Похоже, в более древнем *тлаковинъ, толковинъ этого угнетенного состояния не заметно, ибо слово, составное, исходно означало просто: «тот, кто давит виноград» (сопоставим тлачити «давить» с хорв. tlaka «ступня ноги» и ст.-слав. вино «виноград», которые вполне «вписываются» в слово тлаковинъ). Однако понятно, что виноград для изготовления вина давили всё же рабы-холопы, а не господа. Отсюда и родившееся в винодельческих краях переносное значение «раб, холоп» у слова толковинъ, которое мы теперь знаем благодаря «Слову о полку Игореве», а также толока «рабство, холопство, невольничье состояние» и толочень «тот, кто держит в неволе, заставляет работать» — благодаря «Церковному уставу Ярослава».
Были ли «рабами» или «холопами» Вещего Олега перечисленные в летописи народы-толковины, участники его похода? В современном смысле этого понятия, «холопами» они конечно же не были. Но здесь следует учесть, что именно терминами холопства в древности передавались отношения подданства и вассалитета. «Княжими холопами» названа знать («добрии люди») в Договорной грамоте Смоленска с Ригой (1229): «Аже латинин дасть княжю холопу в заем или иному добру человеку...» Русские воины, плененные Батыем в 1237 году: «Веры мы христианской, рабы великого князя Юрия Ивановича Рязанскаго, а от полку мы Евпатия Коловрата». Сигизмунд Герберштейн о русских боярах первой четверти XVI века: «Все они называют себя холопами, то есть рабами государя».

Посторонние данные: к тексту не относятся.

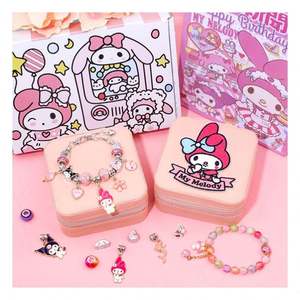 Personalized <b>Name</b> Initial <b>Bracelet</b> for Women Custom Plastic Jewelry Charms Trendy <b>Beaded</b> Educational DIY Fantasy Sci-Fi Theme - Product Image 1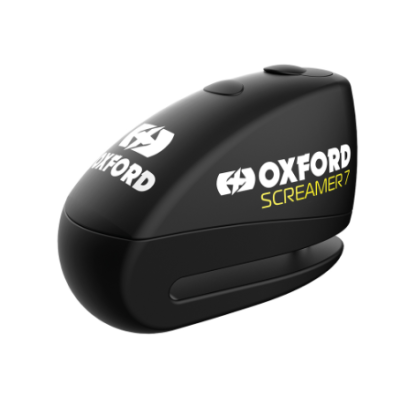 Încuiere pentru disc OXFORD Screamer 7 - Ø7 mm, negru Încuiere pentru disc OXFORD Screamer 7 - Ø7 mm, negru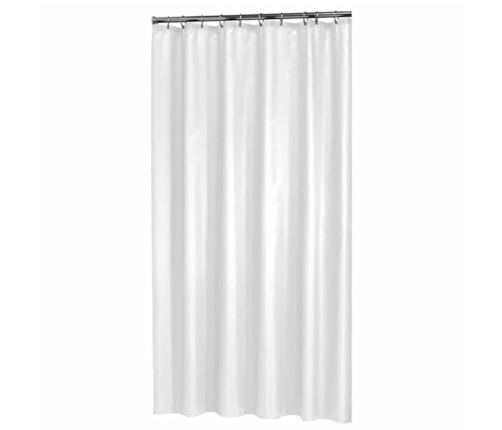 Sealskin dušas aizkars Madeira, 240 cm, balts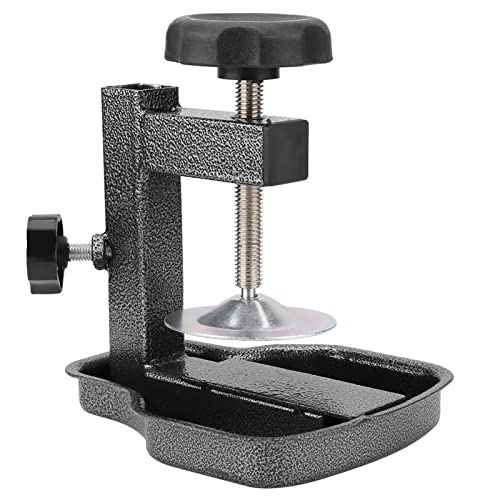 Restokki Hunde Trimmtisch Clamp Metall Hundepflege Tisch Arm H Bar, Hundefriseur Tisch Clamp Hundesalon Tischarm, Clip Halterung Für Die Fellpflege von Hunden Und Katzen (Inner Dia 2.3x2.3cm)
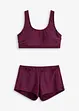 Bralette bikini (2-dlg. set), bonprix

Следовательно, и летописец, пересчитав тмочисленное воинство от разных народов, идущее под знаменами Олега в поход на Византию, дает читателю возможность осознать все величие его подвига «собирательства земель» под единую руку, после чего, словно бы подытоживая, восторженно восклицает: «и все они — (его) подданные!»
Показательно, что у словаков, не сохранивших тлаку-барщину, для передачи соответствующего понятия используется именно poddanstvo «барщина». Да и в чешском вместо указанных тлачан, тлаченец, тлачилац «крепостной; угнетенный» используется poddany «крепостной; подвластный, васссальный»
Таким образом, строчка из «сна Святослава» означает «подданных-язычников» (вариант: «холопов-иноверцев»).
«ЖЕМЧУГЪ» В «СЛОВЕ О ПОЛКУ ИГОРЕВЕ»
«Сыпахуть ми тыцими тулы поганых тлъковин великый женчюгна лоно...» — так звучит фрагмент сна князя Святослава, который вызвал к жизни множество толкований.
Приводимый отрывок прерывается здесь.